Pakistan arrests prominent al-Qaida financier
Police offices stand next to suspects who allegedly killed Sikh lawmaker Sardar Suran Singh during a press conference in Peshawar, Pakistan, Monday, April 25, 2016. Pakistani police have arrested six people allegedly involved in the killing of a Sikh lawmaker who was a provincial adviser on minority affairs.
MOHAMMAD SAJJAD/AP
ISLAMABAD — Pakistani authorities have arrested an al-Qaida financier who has been on a U.N. sanctions list since 2012.
Police said Monday that Abdur Rehman Sindhi was detained during a raid by intelligence agencies in the southern port city of Karachi last week.
Police officer Muqaddas Haider says a joint team of police and intelligence agents is questioning the suspect on what role he might have played in militant attacks in Pakistan in recent years.
Much of al-Qaida's senior leadership fled to Pakistan following the 2001 U.S.-led invasion of neighboring Afghanistan.
Pakistani police said Monday that a Sikh lawmaker gunned down last week was killed by a political rival from the minority community, who was arrested along with five other suspects.
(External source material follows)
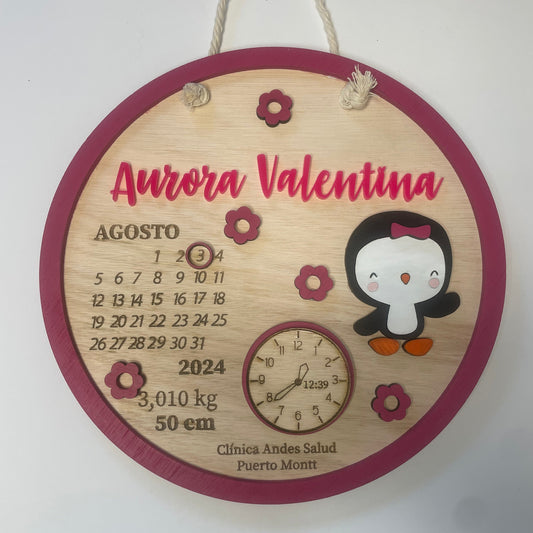 Cartel datos de nacimiento pingüina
The Pakistani Taliban had claimed responsibility for the killing of Sardar Suran Singh, who was gunned down while heading home on Friday night in northwestern Pakistan. Singh had served as a provincial adviser for minority affairs.
But police said the killing was ordered by Baldev Kumar, a rival Sikh politician, who paid hired assassins around $10,000 to carry out the shooting.
Azad Khan, police chief in the district where the killing took place, announced the arrests on Monday and paraded the suspects, including Kumar, before reporters, who were not allowed to interview the detainees.
The Taliban and other extremist groups have targeted Sikhs and other religious minorities in the past.
Elsewhere in Pakistan on Monday, gunmen shot and killed a female doctor and her husband, a retired air force officer, in the northwestern city of Peshawar, said police official Zeb Khan. Their seven-year-old son survived, he said. No one has claimed responsibility for the attack.